When Sales Reps fail: It’s not them, it’s YOU.
Updated: Feb 11, 2020
People, Process & Predictable Results
2019 is coming to a close and like most sales leaders, you’re reviewing the numbers and proposing changes for 2020. You’re trying hard not to react, but you can’t take your eyes off the numbers in red and prepare to cut the lowest performers. Why not? It’s an easy and obvious target and as a sales leader, it’s on you to deliver results. It’s also the quickest means of ignoring your real issues and ensuring you’ll be in the same spot a year later – or worse.
Are 80% of your reps consistently achieving their goal 80% of the time? If not, the question isn’t why your reps are coming up short. The question is: Why are YOU coming up short?
Perhaps you decide to make a change in leadership. Sometimes a change is necessary, but what is the new persons plans for righting the ship? Do they know your existing playbook? Are they going to write new plays, make the old ones better, or just run faster in the red zone and blame the players if it doesn’t work out?
Your people can only be as effective as your process allows them to be.
An effective sales process needs to be Accountable, Repeatable, Measurable and Scalable (ARMS). Many (many haters, that is) say that Tom Brady wouldn’t be as good if he were part of a different team and that another QB would do just as well on the Patriots. Maybe, maybe not.
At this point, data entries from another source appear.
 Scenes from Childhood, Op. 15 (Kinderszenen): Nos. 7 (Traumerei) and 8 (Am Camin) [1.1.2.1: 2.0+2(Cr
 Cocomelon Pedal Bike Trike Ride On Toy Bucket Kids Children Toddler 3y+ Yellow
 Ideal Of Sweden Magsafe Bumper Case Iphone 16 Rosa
But the Patriots Dynasty is not built upon one player. Each championship has a roster of many different faces. A good system can “plug and play” different talent and still expect consistent results. Here’s the bonus: a good system tends to attract top talent while a steady stream of failed superstars tends to scare them away.
What is your definition of a prospect? If you don’t have one, just stop right here. Your sales goals, process and activity are already out of alignment. How long can you safely drive your car like that? Simply driving faster won’t fix it.
Take your last best deal.
Ask the rep to detail the process. Now ask their sales manager. Do they tell the same story? If you asked the customer, would they also explain their journey in the same way?
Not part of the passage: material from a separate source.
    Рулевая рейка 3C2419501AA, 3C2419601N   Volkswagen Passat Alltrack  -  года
Not every day can be a broken red zone play that results in a touchdown. It may be exciting to watch, but it’s not repeatable. Success should never be a surprise.
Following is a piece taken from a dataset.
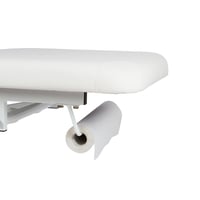 Portarrolos para Marquesa Elétrica de Beleza com 4 Motores e Cadeirão Rotatório de 240 graus Tempo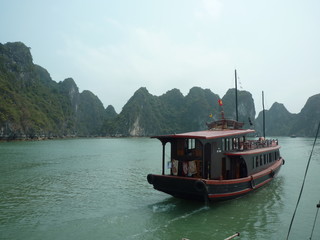 Baie d'Ha Long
How do you measure the effectiveness of your sales process? Measuring only the outcomes is like driving without a gas gauge and crossing your fingers that you make it to your destination in time. An effective process provides for efficient results.
Metrics that are specific to your business help you realize success or recognize an area in need of improvement.
Low hanging fruit is often the most dangerous and yields the lowest results. This rings exponentially true when making tough decisions as a sales leader. If you want to make lasting and impactful changes to further your sales organization, avoid the low hanging fruit, roll up your sleeves and focus on the root cause.